FIGURE 1. Procedure of CHD classification model.

2.3 Heart sound segmentation

In the heart sound segmentation model, the R-wave and T-wave in the electrocardiogram correspond to the S1 and S2 periods of the heart sound signal (Zhu et al., 2018). The peak of the R-wave corresponds to the start of the S1 period, while the end of the T-wave corresponds to the start of the S2 period (Manikandan and Soman, 2012). The S1, S2, systolic, and diastolic periods need to be labeled based on the R-peak and T-wave (Hempel et al.) The average time ( $\bar{S} 1 \pm σ_{S 1}$ ) between the R peak and the next R peak is set as S1. The peak value of the heart sound signal S2 corresponding to the end of the T wave is the largest. This peak is used as the S2 average point, so S2 can be recorded as the average time around the peak $(\frac{(\bar{S} 2 \pm σ_{S 2})}{2})$ . The systole is between S1 and S2, and the diastole is between S2 and the next S1.

Heart sound can be regarded as a quasi-periodic, short-term stationary signal, with slight differences between each cycle. The autocorrelation method can be used to analyze the heart sound signal to obtain a complete cardiac cycle. We use the autocorrelation of the Hilbert envelope to extract the cardiac cycle (Qin and Zhong, 2006), and the autocorrelation coefficient is shown in Eq 1. N is the total sampling length of the heart sound signal, and ${\tilde{r}}_{x} (l)$ is its autocorrelation coefficient.
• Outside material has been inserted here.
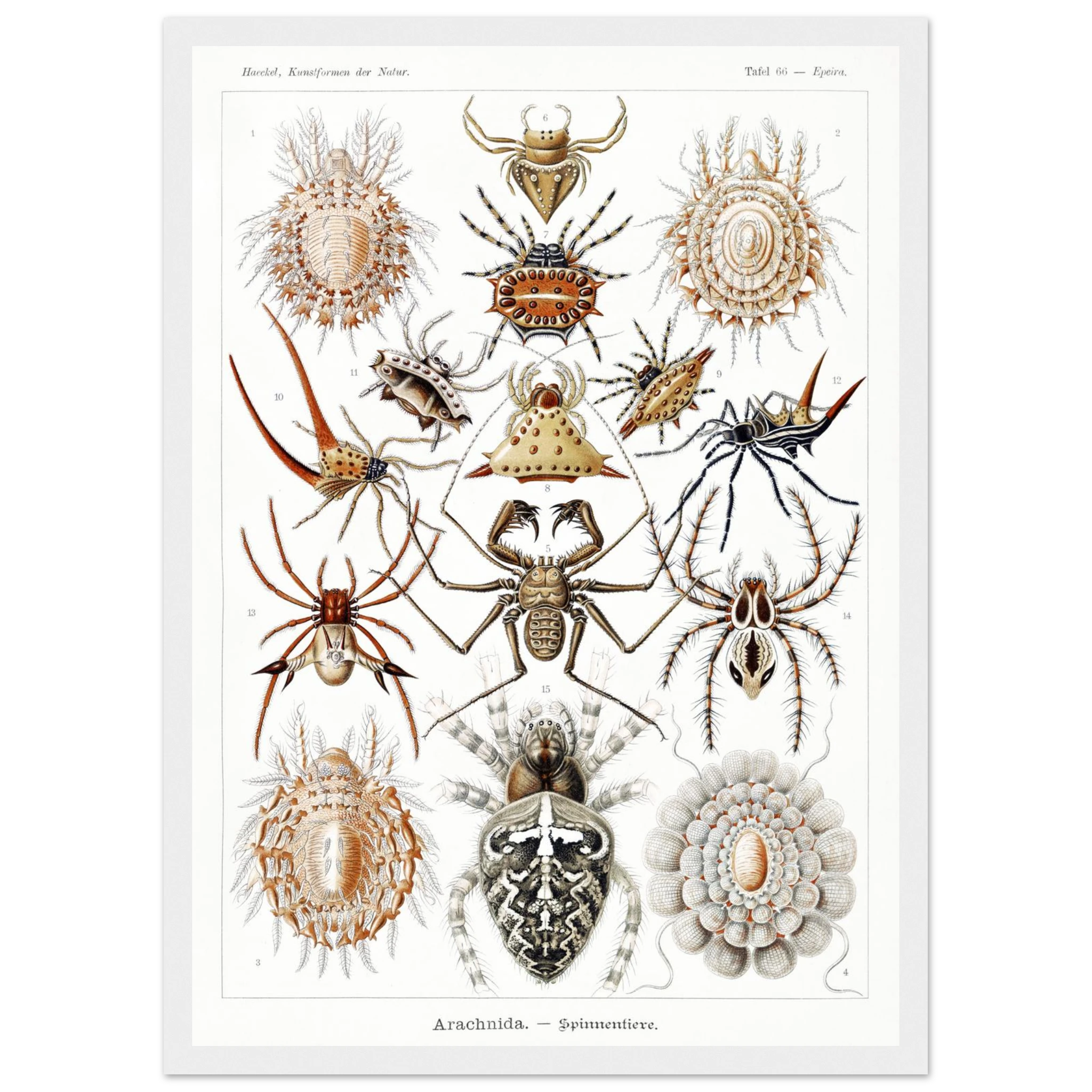 0a21b0ff-f686-4d23-b413-f7b1658fbb31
{\tilde{r}}_{x} (l) = \frac{1}{N} \sum_{n = 0}^{N - l - 1} x (n + l) x (n) (1)

The traditional Hidden Markov Models (HMM) partition the four phases of heart sounds with equal probabilities (Yin et al., 2022). However, the four periods in which the human body actually produces heart sounds have unequal durations. Using HMM for segmentation can easily lead to segmentation errors in S1, systole, S2, and diastole (Tokuda et al., 2002). Therefore, we introduce duration into the HMM model to further approximate the heart sound period pattern in reality. We define the duration probability constraint function ${p_{j}}^{d}$ , which represents the occurrence probability of constraint duration $d$ in a certain $j$ period, $j \in \{C_{1}, C_{2}, C_{3}, C_{4}\}$ . $A$ is the period probability state transition matrix. It is known from clinical experience that the four phases of heart sound always appear in a specific pattern, namely, S1, systole, S2 and diastole, so $A$ can be written as Eq 2.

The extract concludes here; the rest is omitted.